By Rabbi Pinchos Lipschutz
In Parshas Vayakhel, we find an announcement that was never heard before nor repeated in the Torah. The posuk recounts that when Moshe called for donations to the Mishkon, there were so many contributions that a message went out that the campaign was over and the people should stop their donations: “Al ya’asu od melachah leterumas hakodesh, vayikolei ho’om meihovi” (Shemos 36:6).
The Chiddushei Horim wonders why it was necessary to make such a proclamation. Although the donations weren’t needed at that moment, they could certainly have come in handy later on. What would have been so terrible if they would have had extra material and more funds to put to use in the future?

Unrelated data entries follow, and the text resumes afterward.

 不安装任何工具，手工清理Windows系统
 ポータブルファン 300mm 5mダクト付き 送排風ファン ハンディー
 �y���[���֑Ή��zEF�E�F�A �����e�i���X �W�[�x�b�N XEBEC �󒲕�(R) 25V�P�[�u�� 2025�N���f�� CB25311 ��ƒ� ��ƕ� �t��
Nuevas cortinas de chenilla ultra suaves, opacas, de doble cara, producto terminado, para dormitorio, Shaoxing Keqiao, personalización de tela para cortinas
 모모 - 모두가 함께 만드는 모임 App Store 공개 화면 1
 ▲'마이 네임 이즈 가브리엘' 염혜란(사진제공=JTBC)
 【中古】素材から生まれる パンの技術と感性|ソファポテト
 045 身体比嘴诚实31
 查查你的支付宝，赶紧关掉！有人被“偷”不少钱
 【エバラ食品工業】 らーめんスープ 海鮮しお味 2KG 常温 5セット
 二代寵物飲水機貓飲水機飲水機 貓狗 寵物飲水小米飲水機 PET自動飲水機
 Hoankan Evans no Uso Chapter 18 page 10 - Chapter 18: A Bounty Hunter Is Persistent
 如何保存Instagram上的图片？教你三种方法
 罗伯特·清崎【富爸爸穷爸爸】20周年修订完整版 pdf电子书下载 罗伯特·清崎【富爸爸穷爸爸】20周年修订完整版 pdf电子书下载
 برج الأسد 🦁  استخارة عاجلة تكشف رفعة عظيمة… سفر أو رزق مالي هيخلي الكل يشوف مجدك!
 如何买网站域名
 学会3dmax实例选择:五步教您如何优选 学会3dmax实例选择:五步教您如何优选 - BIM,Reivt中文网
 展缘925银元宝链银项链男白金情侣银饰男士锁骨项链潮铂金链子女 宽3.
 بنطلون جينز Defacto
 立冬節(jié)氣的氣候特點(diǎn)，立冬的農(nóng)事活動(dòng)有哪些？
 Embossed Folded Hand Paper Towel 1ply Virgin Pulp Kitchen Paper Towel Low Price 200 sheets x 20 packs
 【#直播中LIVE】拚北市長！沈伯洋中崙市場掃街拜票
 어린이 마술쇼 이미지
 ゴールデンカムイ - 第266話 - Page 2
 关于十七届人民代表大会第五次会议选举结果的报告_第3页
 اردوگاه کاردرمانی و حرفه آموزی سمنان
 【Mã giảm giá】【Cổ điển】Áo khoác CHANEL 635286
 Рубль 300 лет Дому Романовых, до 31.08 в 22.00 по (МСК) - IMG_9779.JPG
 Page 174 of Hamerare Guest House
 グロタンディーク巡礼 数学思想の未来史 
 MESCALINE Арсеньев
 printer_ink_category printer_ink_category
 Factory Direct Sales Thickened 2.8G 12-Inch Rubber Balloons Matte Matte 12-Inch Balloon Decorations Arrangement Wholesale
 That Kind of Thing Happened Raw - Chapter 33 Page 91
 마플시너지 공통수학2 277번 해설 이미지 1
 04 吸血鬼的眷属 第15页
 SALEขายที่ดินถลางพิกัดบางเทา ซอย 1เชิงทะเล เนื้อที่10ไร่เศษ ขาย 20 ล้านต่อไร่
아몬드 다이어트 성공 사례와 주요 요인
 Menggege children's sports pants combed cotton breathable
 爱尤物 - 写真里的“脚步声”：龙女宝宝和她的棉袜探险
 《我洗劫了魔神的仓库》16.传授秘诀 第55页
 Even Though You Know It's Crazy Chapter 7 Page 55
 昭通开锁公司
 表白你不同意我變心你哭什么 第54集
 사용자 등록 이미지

He answers that the Mishkon belonged to Klal Yisroel. Had donations been accepted for the project even though they were no longer necessary, people would have assumed that what they had given didn’t necessarily go for the Mishkon and that their donations went to waste.
No Jew is extra and should never be made to feel as if he is. By ending the campaign when the goal was reached, every contributor knew that he had a share in the Mishkon.
No Jew is superfluous, not then and not now. Every Jew has a share in Torah and fills a necessary role. No matter his social status or degree of wealth, everyone – back then in the dessert and today, as we enjoy a burgeoning population – deserves to be treated as a vital member of our nation.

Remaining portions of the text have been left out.